武豊 JRA4000勝!名馬、伝説とともに32年目で金字塔
2018年09月30日 05:30
競馬
「今日できればいいと思っていた。長年多くの人、馬に恵まれ、ここまで来られた」
大記録をデビューの地、阪神競馬場で達成。ウイナーズサークルでは、4000勝を記念したTシャツを着た騎手仲間が登場するサプライズに「みんなに祝福され、こんなうれしいことはない」と笑みを浮かべ、自らの指を広げ「4」の数字をつくった。
あと3勝として迎えたこの日は3Rをまず制すると、5Rでは親交の深いタレント・木梨憲武の命名馬ゴータイミングで快勝。
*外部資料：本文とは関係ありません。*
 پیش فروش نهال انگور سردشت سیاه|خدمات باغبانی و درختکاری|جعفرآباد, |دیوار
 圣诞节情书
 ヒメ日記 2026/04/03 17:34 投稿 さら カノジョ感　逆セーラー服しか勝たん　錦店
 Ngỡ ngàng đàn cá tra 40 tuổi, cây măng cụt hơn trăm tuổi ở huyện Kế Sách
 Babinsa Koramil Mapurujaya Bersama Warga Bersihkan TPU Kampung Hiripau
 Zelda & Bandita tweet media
リーチをかけると、10Rのメイショウカズヒメで決めた。「父(故邦彦氏)の代からお世話になっているオーナー(松本好雄氏)の馬で区切りを達成できて一段とうれしい。父には今日の僕の姿を見てもらいたかったです」と感謝を込めた。
デビュー以来の総騎乗距離は3441万1400メートル。東京―米サンフランシスコ間を2往復できる距離だ。デビュー時からスタート巧者で馬に負担が少ない乗り方。最初は非力だったが、欧州の重い芝や米国のダートで経験を積み、力強さを身につけた。1980年代。欧米と日本の間には高い壁がそびえていた。果敢にアタックし89年、米国で海外初勝利。その後も世界に挑み続け海外でG1・9勝を含む100勝以上。今では、世界中のホースマンが「ユタカ・タケ」の名を知っている。
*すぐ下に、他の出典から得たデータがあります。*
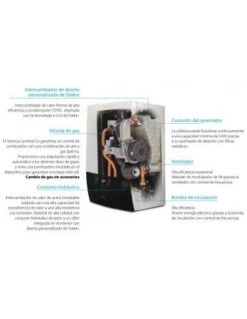 Caldera A Gas Daikin D2CND35SET35kW 7 Caldera A Gas Daikin D2CND35SET35kW -GASFRIOCALOR Ventas caldera a gas de condensacion daikin d2cnd35set 35kw 2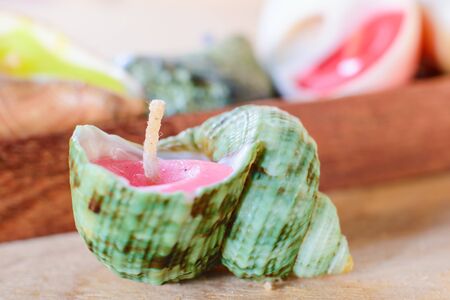 candles hand-made of shells on wood in backgroundの写真素材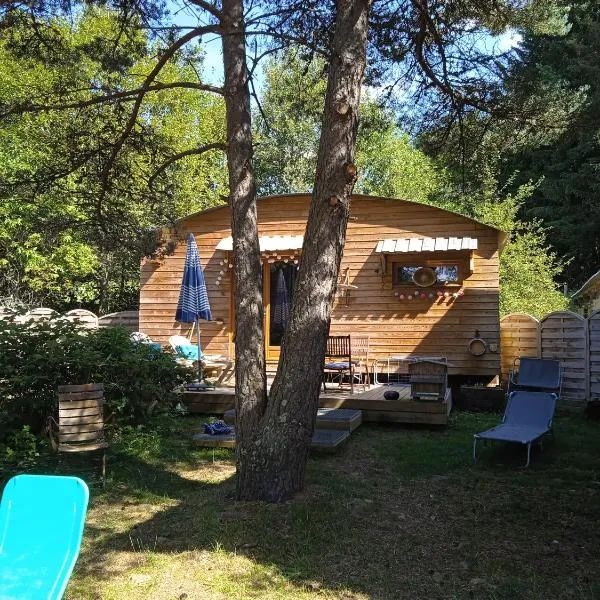 Chalet grenouille Domaine de la Mamounette，位于Fay-sur-Lignon的酒店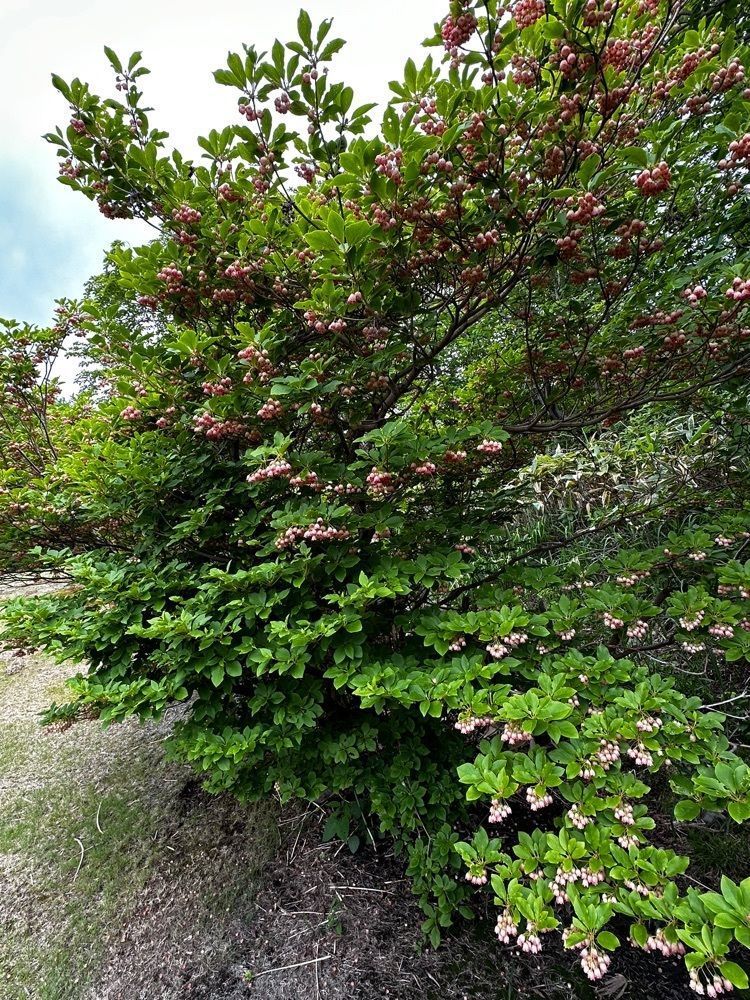 かめ_メグミさんが投稿した静心山荘（セイシンサンソウ）に関する口コミの画像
もちろん、これが終着点ではない。「(4000勝は)一つ一つの積み重ねで、それぞれに思い出はあるが、これで終わりではない。騎手としてもっと成長したいと思って頑張りたい」。次なる目標として「4001勝目。次のレースに勝つこと」とした上で、89年から08年までの20年で計18度獲得したリーディングジョッキー(年間最多勝)についても「難しいとは思うが、もう一度獲りたいと思っている」と続けた。
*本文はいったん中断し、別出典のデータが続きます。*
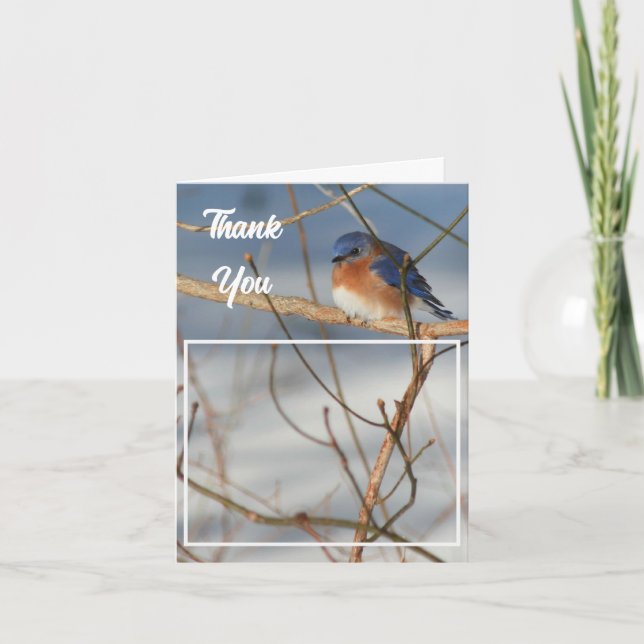 Cartão De Agradecimento Foto do Casamento do Winter Bluebird (Frente)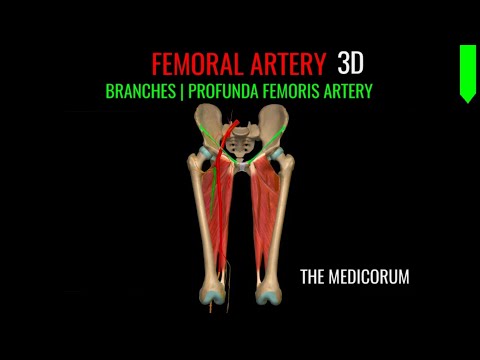 FEMORAL ARTERY "3D" | BRANCHES | PROFUNDA FEMORIS ARTERY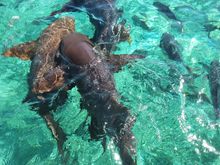 More sharks around the boat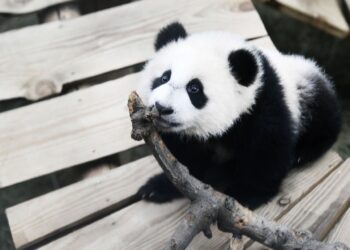 Un panda de dos años de un zoo de Países Bajos resultó ser una hembra y no un macho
10月7日には「凱旋門賞」が待ち受ける。今回が7度目の挑戦。「いつかは必ず勝ちたい」――。来年3月に50歳を迎えるが、いつかムチを置く日まで、ひた走る生きざまこそが武豊の存在意義だ。
◆武 豊(たけ・ゆたか)1969年(昭44)3月15日生まれ、滋賀県出身の49歳。87年に栗東・武田作十郎厩舎所属でデビュー。年間最多勝に歴代最多の18回輝いたほか、歴代最多のJRA重賞通算329勝、ダービー最多5勝を含むG1通算75勝など数多くの記録を保持している。日本騎手クラブ会長なども歴任。父は名騎手で知られた故武邦彦調教師、弟は武幸四郎現調教師。